In June the Federal Reserve published a list of 57 early adopter organizations that had completed formal testing and certification on the FedNow Service in advance of its launch in late July. The list included 41 financial institutions, 15 payment processing vendors and the U.S. Department of the Treasury.
Baumann approaches the list of vendors with caution.
“I would hesitate to say that they are ready. The commitment is there, but until a vendor goes live with a bank I wouldn’t consider that a success.”
The country already processes a considerable number of real-time payments through The Clearing House (TCH). Owned by 22 of the largest commercial banks, it was first out with real-time payments, called RTP, in November 2017.
The largest banks went live early and quickly, Baumann said. When TCH announced its fifth anniversary of operations earlier this year it said RTP reaches 65% of DDAs, a reflection of the size of its participating banks.
“Today the RTP network’s real-time payment capabilities are accessible to financial institutions that hold close to 90% of U.S. demand deposit accounts (DDAs), and the network currently reaches 65% of U.S. DDAs.”
Smaller banks were slower to sign up for RTP— a lot didn’t trust The Clearing House. Then when the Fed announced it would open a second network for real-time payments many smaller banks decided to wait for it, Baumann said.
Most of the banks that have gone live on RTP will go live with FedNow, while some smaller banks may go with FedNow only, Baumann added.
She knows that some smaller banks think the big banks will use RTP to take advantage of them, but she doesn’t think that’s true.
“TCH’s goal is ubiquity, it wants to get as many payments going through its system as possible.” The pricing for both systems is nearly identical, she added, but getting a system up and running can be costly.
Financial firms need resources — technology and people to implement it — and that is a catalyst for some mergers, such as BBT and SunTrust, added Baumann, who expects more bank M&A.
“A prime reason was to use some best-in-class technology to keep up with the industry.” And the industry isn’t just other banks, it included fintechs, she said.

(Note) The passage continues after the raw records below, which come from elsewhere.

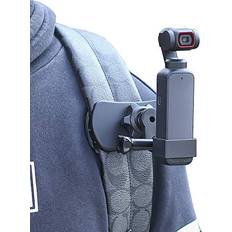 Surewo 360 Rotation Backpack Strap Mount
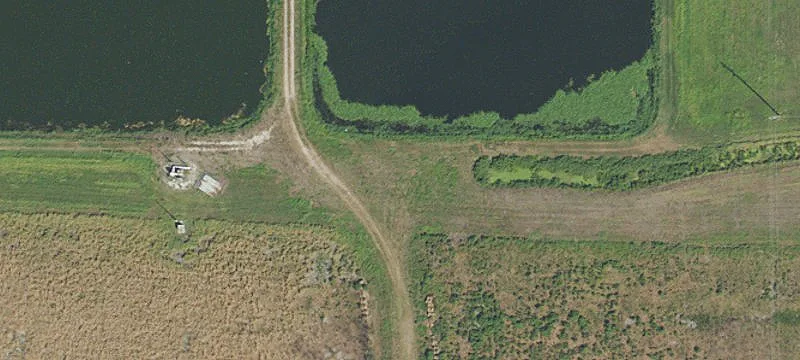 3025 Ussc Gate B Rd
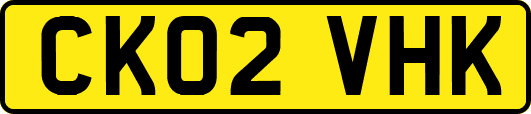 CK02VHK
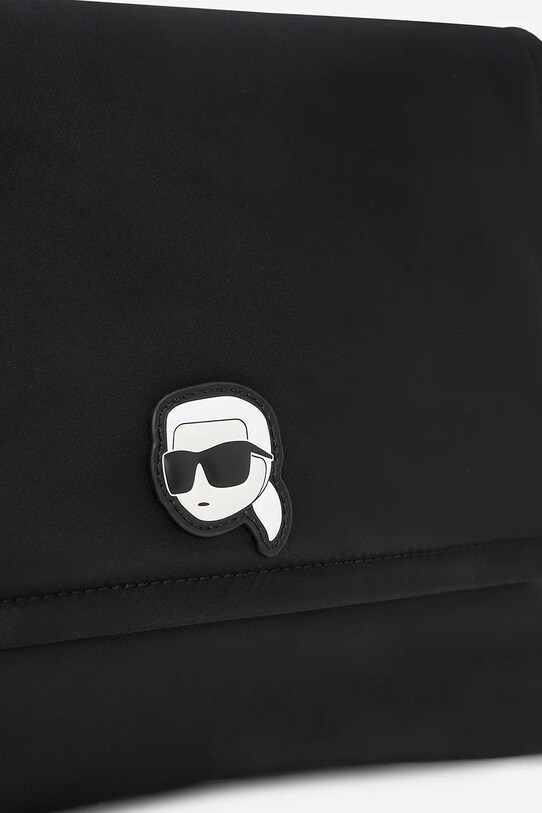 Karl Lagerfeld torebka czarny A2W30185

“In a study I did for Finastra, my research showed in North America 61% of banks know 10% or more of their payments volume has moved to a fintech — the value-added service of running the actual transaction has moved to a fintech partner. Banks say they know they have work to do.”
Businesses say they are going to fintechs directly because it is too hard to submit a payment file with their banks, and they want access to real-time payments.
“Corporations are becoming less concerned with the how — they just want an efficient service, at a reasonable cost and speed. They are less concerned with the rail. They want to transact and have it available in an automated process.”
Companies have choices in addition to The Clearing House’s RTP and soon FedNow, she added, such as push to card from Visa Direct and Mastercard Send, Zelle and digital wallets like PayPal. A single payment process won’t fit all use cases. Push to card works well where the debit card information in already in hand.
“If you have made a return of an item purchased on Amazon and funds have to come back, if they have your debit card they can push the refund to you. It’s a great experience and makes sense. Visa and Mastercard have market opportunity and room to grow, but it’s a different space from RTP. That’s why we won’t have one payment type that rules them all.”
In banking, a new process doesn’t replace an older process, it is just added to the financial processes inventory.
“We still have checks, and even though the total percentage of checks has gone down, we don’t do an even mediocre job of replacing old processes, we just add. You still have businesses asking if they should move to digital payments, and ACH has been around for 40 years!”